95 lata temu, 11 listopada 1918 roku Polska odzyskała niepodległość. W tym dniu zakończyła się także I wojna światowa, jedna z najkrwawszych w dziejach. W jej wyniku upadły trzy europejskie mocarstwa, które dokonały rozbioru Polski. W rocznicę odzyskania przez nasz kraj niepodległości, 11 listopada obchodzimy Narodowe Święto Niepodległości.
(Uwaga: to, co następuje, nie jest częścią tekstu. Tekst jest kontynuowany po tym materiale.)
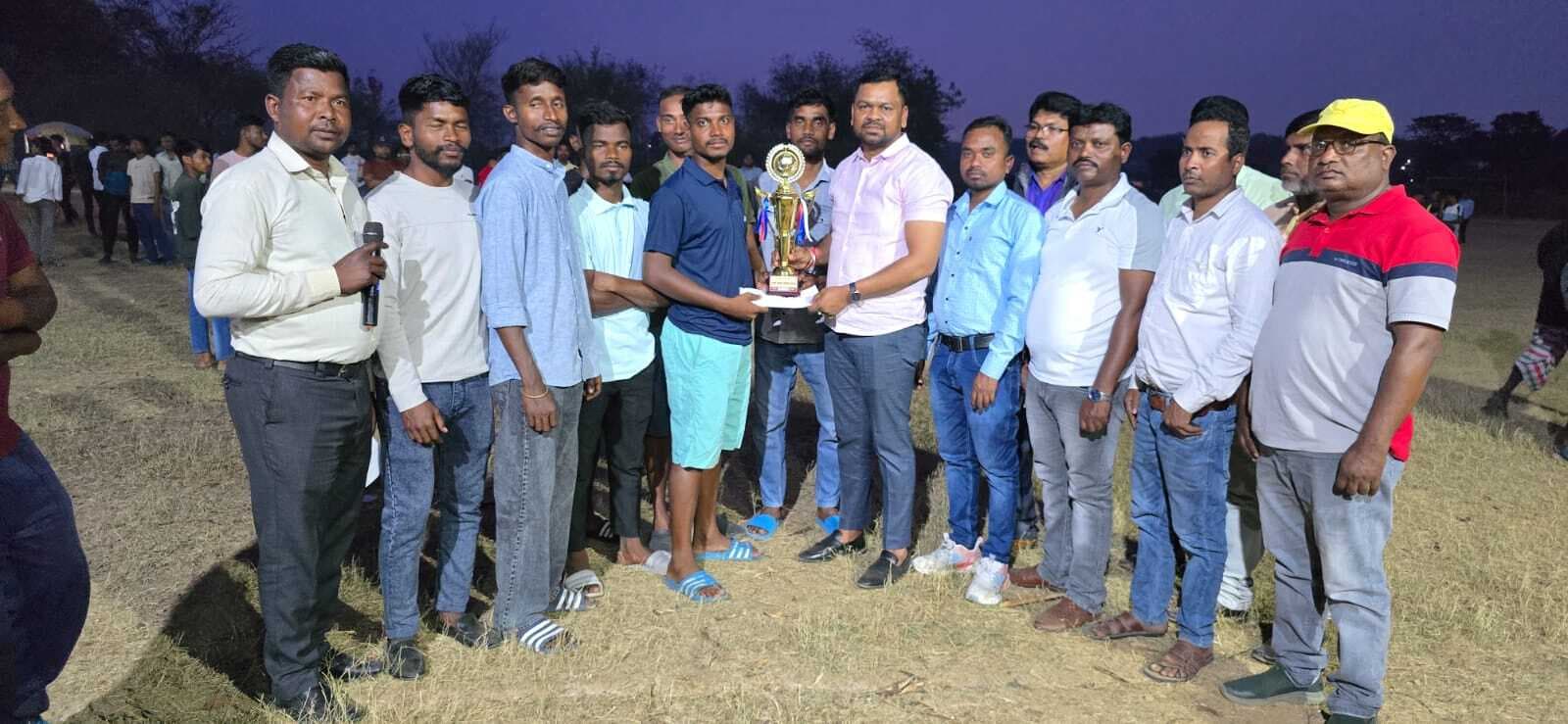 Jamshedpur news.जिलिंगगोड़ा की वीर डिबा किशुन मेमोरियल सोसाइटी टीम बनी विजेता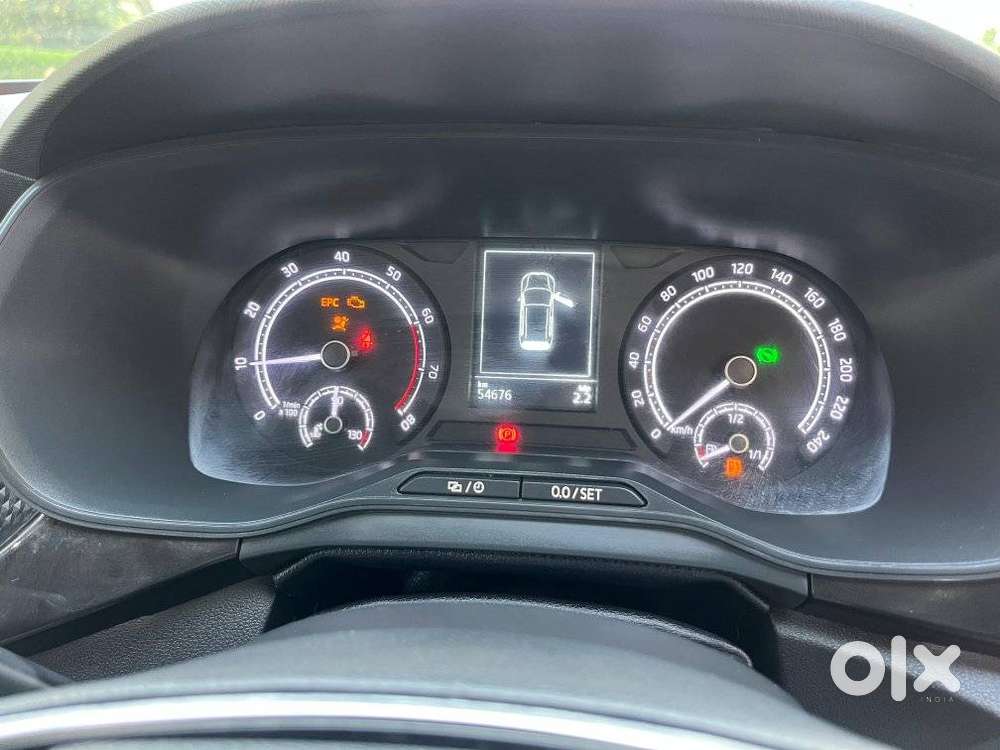 Skoda Kushaq 1.0 Tsi Style At (6 Airbags), 2021, Petrol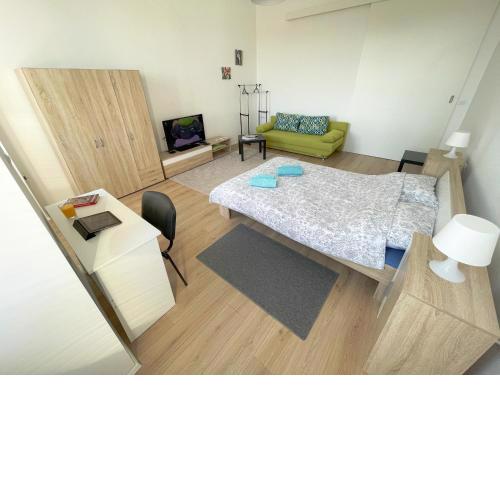 Sea star apartments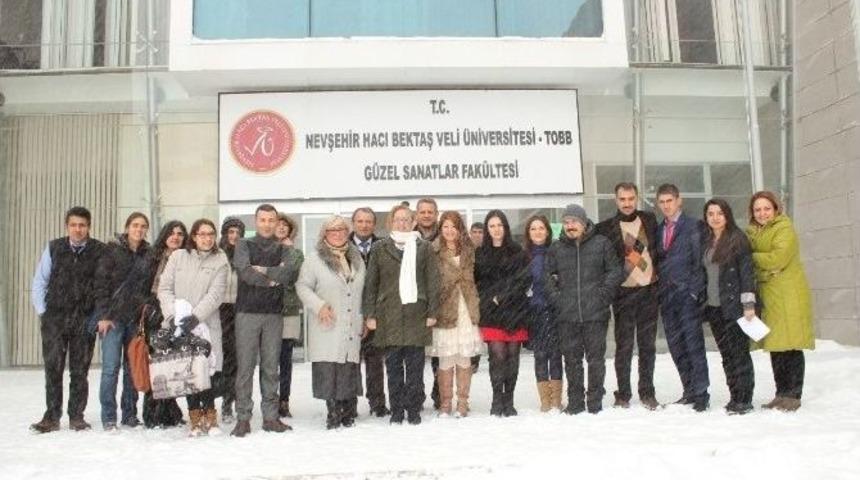 &Uuml;niversite &Ouml;ğrencileri İspanya Yolcusu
11 listopada 1918 roku, po 123 latach rozbiorów, Polska ponownie pojawiła się na mapie Europy. Dzień wcześniej specjalnym pociągiem przybył do Warszawy Józef Piłsudski, zwolniony z twierdzy magdeburskiej, gdzie był więziony przez Niemców. Przyjazd Piłsudskiego, który w oczach większości Polaków uchodził za symbol walki z zaborcami i za jedynego polityka godnego stanąć na czele odradzającej się Polski, stał się wezwaniem do rozbrajania Niemców i organizowania administracji polskiej.
– Czekał na nich powóz zaprzężony w dwa wielkie, białe konie – wspominał świadek wydarzeń Tadeusz Widmański. – Brygadiera wzięli na ramiona i nieśli Marszałkowską. Jaka była radość!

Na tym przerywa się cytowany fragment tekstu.